## [Task requirements]
Retype the line in which "Vasto incendio a" appears, then every line after it until the records end. Leave out the pictures.

(Crawled caption data)
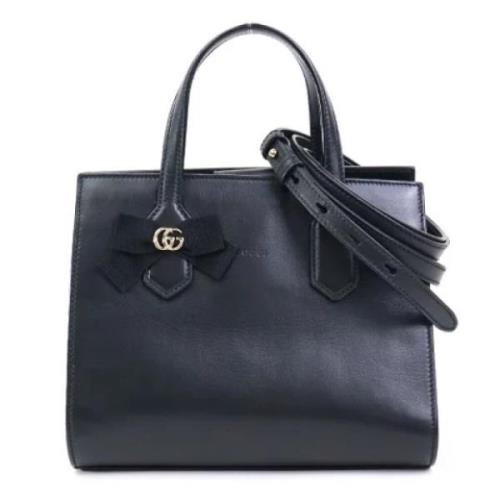 Pre-owned Leather gucci-bags Gucci Vintage , Black , Dames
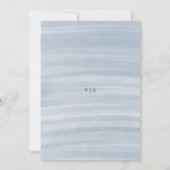 Kust Chic gedempt blauw elegante bruiloft Save The Date (Achterkant)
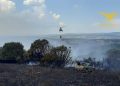 Vasto incendio a Bitti, in azione l’elicottero e il Super Puma
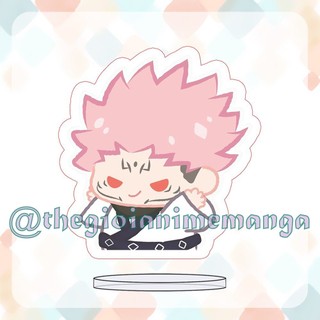 ( MINI 3cm ) Standee JUJUTSU KAISEN ver TẬP THỂ DỤC anime mô hình Chú Thuật Hồi Chiến chibi mica trưng bày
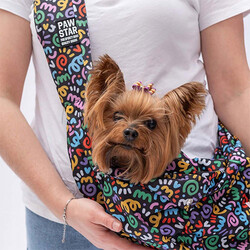 Pawstar Ferrara Crossbody Küçük Irk Köpek Taşıma Çantası 50x15x20 Cm - Thumbnail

## [Output for this exercise]
 Vasto incendio a Bitti, in azione l’elicottero e il Super Puma
 ( MINI 3cm ) Standee JUJUTSU KAISEN ver TẬP THỂ DỤC anime mô hình Chú Thuật Hồi Chiến chibi mica trưng bày
 Pawstar Ferrara Crossbody Küçük Irk Köpek Taşıma Çantası 50x15x20 Cm - Thumbnail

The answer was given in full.